## Action item
What you return must be exactly the lines running from the one with "Ritratto di una" to the end of the data below, inclusive, and nothing more.

(Data entries)
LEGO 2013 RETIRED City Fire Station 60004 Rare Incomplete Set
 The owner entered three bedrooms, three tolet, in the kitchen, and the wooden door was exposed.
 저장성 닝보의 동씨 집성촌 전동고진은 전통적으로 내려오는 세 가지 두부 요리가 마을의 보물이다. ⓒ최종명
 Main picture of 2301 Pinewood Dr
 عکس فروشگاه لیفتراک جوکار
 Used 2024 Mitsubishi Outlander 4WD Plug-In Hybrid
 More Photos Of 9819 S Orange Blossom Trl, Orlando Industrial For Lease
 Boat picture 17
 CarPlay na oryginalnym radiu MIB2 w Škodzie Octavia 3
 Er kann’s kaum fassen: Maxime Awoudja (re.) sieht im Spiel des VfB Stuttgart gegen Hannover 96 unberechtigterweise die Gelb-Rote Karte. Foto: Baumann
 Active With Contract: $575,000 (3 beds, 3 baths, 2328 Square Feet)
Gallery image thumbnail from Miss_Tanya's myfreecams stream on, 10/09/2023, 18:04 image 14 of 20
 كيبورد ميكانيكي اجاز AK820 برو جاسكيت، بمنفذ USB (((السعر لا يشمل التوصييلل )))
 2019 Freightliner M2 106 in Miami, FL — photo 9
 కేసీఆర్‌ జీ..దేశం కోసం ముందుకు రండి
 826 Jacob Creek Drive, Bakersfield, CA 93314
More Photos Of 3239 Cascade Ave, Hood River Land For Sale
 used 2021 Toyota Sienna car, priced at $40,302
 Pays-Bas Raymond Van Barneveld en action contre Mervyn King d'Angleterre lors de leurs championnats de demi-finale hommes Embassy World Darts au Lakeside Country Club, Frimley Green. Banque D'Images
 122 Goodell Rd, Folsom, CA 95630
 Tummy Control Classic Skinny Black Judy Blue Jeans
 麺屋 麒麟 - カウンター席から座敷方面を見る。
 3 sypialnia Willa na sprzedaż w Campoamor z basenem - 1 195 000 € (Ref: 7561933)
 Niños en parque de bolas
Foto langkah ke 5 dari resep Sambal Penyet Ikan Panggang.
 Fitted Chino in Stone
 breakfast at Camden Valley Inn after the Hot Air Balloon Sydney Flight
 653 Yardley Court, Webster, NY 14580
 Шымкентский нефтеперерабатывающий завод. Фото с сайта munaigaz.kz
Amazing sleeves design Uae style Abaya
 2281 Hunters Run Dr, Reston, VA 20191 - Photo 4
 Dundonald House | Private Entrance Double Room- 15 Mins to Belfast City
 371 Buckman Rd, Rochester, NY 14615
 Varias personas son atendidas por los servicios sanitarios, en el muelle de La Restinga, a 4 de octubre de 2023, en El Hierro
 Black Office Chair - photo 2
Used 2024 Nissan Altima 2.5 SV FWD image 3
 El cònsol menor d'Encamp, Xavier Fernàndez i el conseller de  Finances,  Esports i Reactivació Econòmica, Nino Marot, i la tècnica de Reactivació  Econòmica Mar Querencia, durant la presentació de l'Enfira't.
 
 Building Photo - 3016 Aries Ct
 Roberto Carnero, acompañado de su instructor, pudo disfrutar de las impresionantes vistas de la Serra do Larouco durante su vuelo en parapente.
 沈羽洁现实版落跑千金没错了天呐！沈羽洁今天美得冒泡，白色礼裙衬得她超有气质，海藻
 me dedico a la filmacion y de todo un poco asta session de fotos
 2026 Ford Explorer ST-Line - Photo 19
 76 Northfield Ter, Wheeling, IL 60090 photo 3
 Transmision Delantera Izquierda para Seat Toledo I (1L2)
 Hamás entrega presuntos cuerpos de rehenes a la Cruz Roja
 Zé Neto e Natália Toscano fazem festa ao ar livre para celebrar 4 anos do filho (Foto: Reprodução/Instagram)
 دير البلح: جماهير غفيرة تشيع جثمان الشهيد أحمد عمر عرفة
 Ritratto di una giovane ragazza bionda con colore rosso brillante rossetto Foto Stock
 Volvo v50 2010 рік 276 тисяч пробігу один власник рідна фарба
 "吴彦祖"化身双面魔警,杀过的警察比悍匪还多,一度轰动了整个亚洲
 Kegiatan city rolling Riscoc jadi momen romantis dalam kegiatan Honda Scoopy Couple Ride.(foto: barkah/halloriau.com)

## Exercise solution
 Ritratto di una giovane ragazza bionda con colore rosso brillante rossetto Foto Stock
 Volvo v50 2010 рік 276 тисяч пробігу один власник рідна фарба
 "吴彦祖"化身双面魔警,杀过的警察比悍匪还多,一度轰动了整个亚洲
 Kegiatan city rolling Riscoc jadi momen romantis dalam kegiatan Honda Scoopy Couple Ride.(foto: barkah/halloriau.com)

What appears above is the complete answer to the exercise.